Mr Jones endorsed Mr Bowler's comments surrounding the need for long-term tenure.
"Cazaly accepts the need for long-term tenure and it's our understanding this was precisely why the State Government adopted State Agreement Acts to cover relevant reserves," he said.
"The Shovelanna licence held by Rio Tinto was not a part of any State Agreement Act area and therefore remains under the jurisdiction of the Mining Act. If Shovelanna was such an important asset for Rio Tinto, why has it never been included in a State Agreement Act?
"Surely the key point is the development of the State's iron ore resources - not warehousing public assets to be used to the benefit of any single company's commercial interest.
"The clear facts are that Rio Tinto have held this tenement via associated parties for more than 30 years and have not shown any desire to develop it.
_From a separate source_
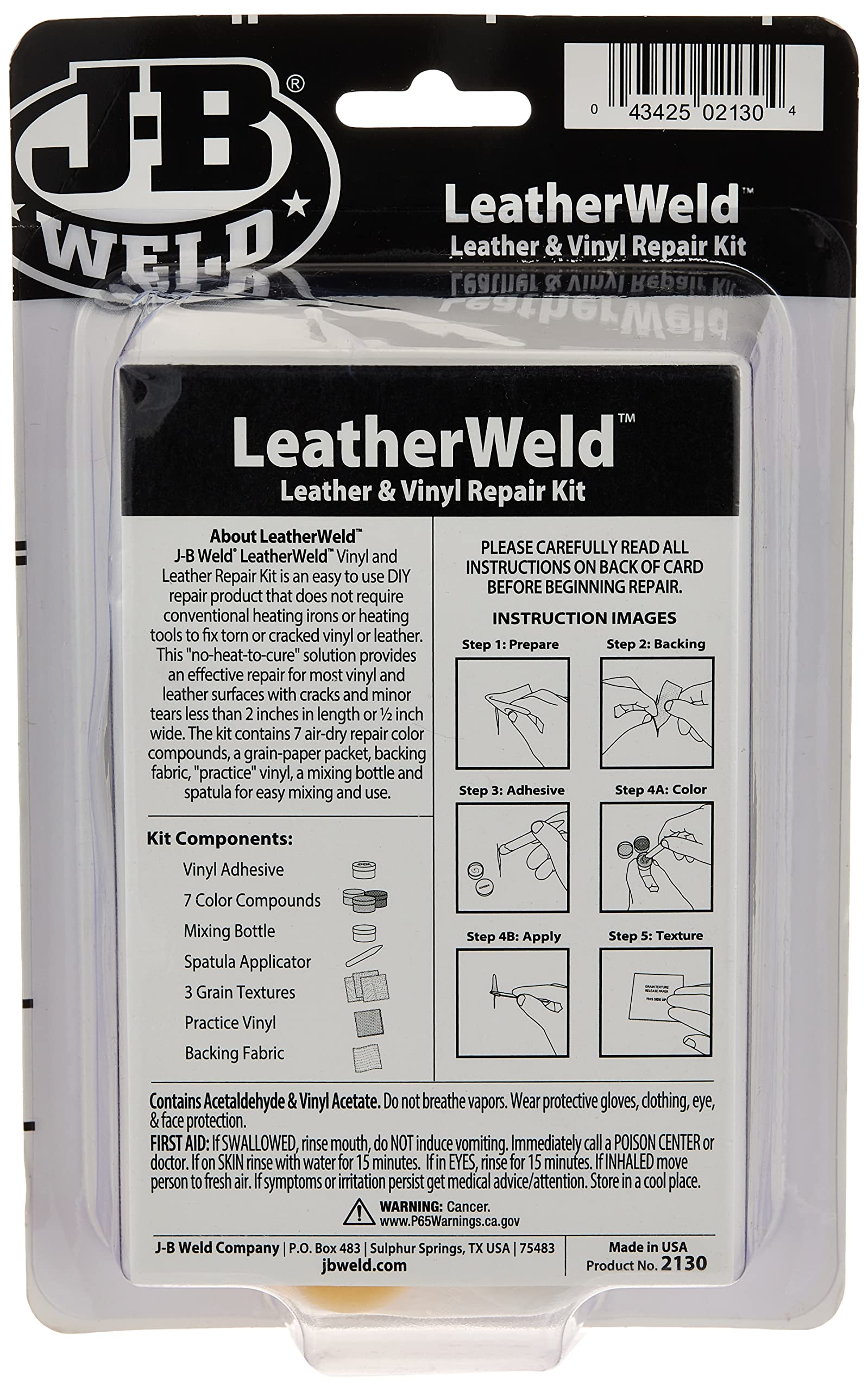 Foto 2 | Kit De Reparación J-b Weld 2130 De Vinilo Y Piel, 90 Ml - Venta Internacional.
Rio Tinto has an appalling record of exploration over the ground - having not drilled a hole for more than 20 years.
"Cazaly Resources is best placed to develop the Shovelanna ore body and be able to quickly respond to the increases in demand that Minister Bowler refers to. Within three years of having access to the ground production would have started producing a royalty stream of around $17M per annum to the State on today's prices.
"The Minister's decision has effectively killed off new investment from Cazaly Resources whilst protecting one party's commercial interest."
Finally, Mr McMahon said using the argument that "the rent was paid but the courier was late" should be universally rejected.
"Partial compliance with the Mining Act is NOT full compliance," Mr McMahon said. "The Mining Act is crystal clear on what is required. For the State Government to simply accept a cheque from Rio Tinto without the required documentation completely re-writes the Mining Act. You can not change the umpire's rules midway through a game.
"The question of how Rio Tinto lost the tenement is irrelevant. Under the Mining Act, all that Mr Bowler was required to consider was whether there was any reason in the public interest why Cazaly should not be granted the tenement. Mr Bowler's statement does not disclose any reason why he should have terminated Cazaly's application. His reasons all relate to Rio and its position - they have nothing to do with Cazaly.